Some of the terms appear strange at first but most are self descriptive and easily learnt. The term 'wet system' throws people but it simply applies to supply pipework that remains 'flooded' after it stops raining. 
There are a large number of errors made by 'experts' when designing and installing rain harvesting systems. In Victoria, we have arguably the strictest regulations in Australia and yet I estimate that approximately 40% of installations I see are non compliant and over 90% are sub standard. Most non compliance concerns insufficient overflow capacity while substandard installations commonly includes the follow: 
Top meshed inlet sited directly above the pump's draw off outlet, impacting vortex rings then causing sediment resuspension which is then drawn through the pump's impeller. 
The pump's draw off outlet fitted too close to the bottom of the tank. This is very common. 
Unfiltered water entering the tank which quickly leads to excessive sediment build up.  
First flushes fitted at the top of vertical risers. The number of websites I see with photos of this is remarkable!  
First flushes with insufficient capacity. 
Wet systems not mosquito proofed. 
The choice of downpipe been the one directly under a TV antenna (bird roost). 
Harvesting roof areas in the rain shadow of a large tree. 
Pumps that start up everytime water is drawn. Large stand alone pressure tanks can reduce pump start ups by as much as 90%, saving energy while reducing pump wear and tear plus they don't advertise to the neighbours whenever you use the toilet!!!  :Badair:  
Unwise use of 90 mm PVC pipe. 
Wet systems not fitted with drain and inspection points. 
Last year I saw an example of three tanks sited on a sloping sand base next to a house.
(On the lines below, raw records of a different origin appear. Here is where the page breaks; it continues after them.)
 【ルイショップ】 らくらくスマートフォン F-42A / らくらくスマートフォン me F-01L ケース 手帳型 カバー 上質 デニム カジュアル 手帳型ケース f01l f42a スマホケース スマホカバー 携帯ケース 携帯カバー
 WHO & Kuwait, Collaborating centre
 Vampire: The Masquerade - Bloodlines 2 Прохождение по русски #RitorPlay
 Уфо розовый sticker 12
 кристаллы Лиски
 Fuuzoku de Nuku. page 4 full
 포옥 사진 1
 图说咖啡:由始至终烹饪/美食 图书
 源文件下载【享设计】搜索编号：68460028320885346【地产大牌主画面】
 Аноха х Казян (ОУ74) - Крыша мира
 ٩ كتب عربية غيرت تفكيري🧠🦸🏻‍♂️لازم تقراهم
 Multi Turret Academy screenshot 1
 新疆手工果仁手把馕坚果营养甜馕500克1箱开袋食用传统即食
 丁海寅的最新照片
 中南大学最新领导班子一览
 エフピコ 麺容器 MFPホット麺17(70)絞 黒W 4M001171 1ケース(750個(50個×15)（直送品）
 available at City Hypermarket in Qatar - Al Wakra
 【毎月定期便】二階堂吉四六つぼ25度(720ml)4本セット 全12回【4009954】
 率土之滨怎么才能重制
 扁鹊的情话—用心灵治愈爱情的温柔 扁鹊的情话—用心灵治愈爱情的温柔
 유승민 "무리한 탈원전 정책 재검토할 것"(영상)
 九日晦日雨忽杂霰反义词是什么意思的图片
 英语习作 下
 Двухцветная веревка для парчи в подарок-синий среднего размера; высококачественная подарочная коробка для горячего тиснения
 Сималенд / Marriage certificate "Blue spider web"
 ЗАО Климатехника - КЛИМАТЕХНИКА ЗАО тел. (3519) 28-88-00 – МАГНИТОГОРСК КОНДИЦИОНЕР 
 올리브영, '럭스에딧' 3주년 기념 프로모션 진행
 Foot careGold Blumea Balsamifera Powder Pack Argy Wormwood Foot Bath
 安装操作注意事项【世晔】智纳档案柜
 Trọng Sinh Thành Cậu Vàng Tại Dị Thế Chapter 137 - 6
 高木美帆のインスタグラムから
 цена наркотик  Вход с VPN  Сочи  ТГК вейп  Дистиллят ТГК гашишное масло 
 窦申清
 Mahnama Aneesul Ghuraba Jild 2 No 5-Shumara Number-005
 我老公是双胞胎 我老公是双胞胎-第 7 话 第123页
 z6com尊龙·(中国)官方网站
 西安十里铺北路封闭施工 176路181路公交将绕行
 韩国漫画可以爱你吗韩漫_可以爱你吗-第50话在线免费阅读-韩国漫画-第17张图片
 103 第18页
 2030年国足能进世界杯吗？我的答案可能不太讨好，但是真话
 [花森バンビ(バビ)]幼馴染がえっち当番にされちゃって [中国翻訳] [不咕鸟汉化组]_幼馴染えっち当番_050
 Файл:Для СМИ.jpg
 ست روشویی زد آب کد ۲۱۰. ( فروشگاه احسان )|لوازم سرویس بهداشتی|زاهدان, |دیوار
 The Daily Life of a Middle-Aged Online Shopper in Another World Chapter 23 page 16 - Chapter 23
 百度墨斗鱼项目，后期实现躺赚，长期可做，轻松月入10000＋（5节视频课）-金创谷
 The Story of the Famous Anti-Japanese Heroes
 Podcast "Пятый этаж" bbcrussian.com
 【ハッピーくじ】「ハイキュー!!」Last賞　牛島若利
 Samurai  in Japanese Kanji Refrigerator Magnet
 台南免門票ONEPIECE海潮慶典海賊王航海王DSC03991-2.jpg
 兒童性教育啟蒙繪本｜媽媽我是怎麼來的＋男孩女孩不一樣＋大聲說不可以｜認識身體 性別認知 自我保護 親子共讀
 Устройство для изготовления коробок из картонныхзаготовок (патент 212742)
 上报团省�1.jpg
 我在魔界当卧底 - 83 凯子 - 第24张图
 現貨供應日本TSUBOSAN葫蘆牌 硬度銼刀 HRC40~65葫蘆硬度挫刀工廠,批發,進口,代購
When it rained, all the sand washed away, undermining the base of every tank. The tanks were also linked with small 25 mm balance pipes which meant that the two higher tank's water level self levelled to the height of the lowest tank which in turn was the only tank fitted with an overflow pipe. The tanks were also fed by wet systems connected to multiple downpipes plus an additional downpipe fed direct to the upper tank's meshed inlet.  
The three guys that the (award winning) plumber left to do the job even glued the bottom of a first flush kit which prevented the inside of the flush pipe from been accessed and cleaned out once it blocked up (as most do).  
As per legislation, the homeowner paid for a compliance certificate which wasn't worth the paper it was written on because the Plumbing Industry Commission failed to act on any of the above and other not mentioned problems. The revenue raised annually from compliance certificates must be staggering! 
Re the link in my last post, that particular problem is not exactly the same as yours as the linked overflows from the two tanks was causing an additional problem but the problems of multiple inflow and high positioned overflow outlets are common to both situations. The solution to that unusual problem ended up been quite simple. 
It won't take much to fix your problems and give you a good system. If you also identify any additional issues from the above, just post the ones that apply.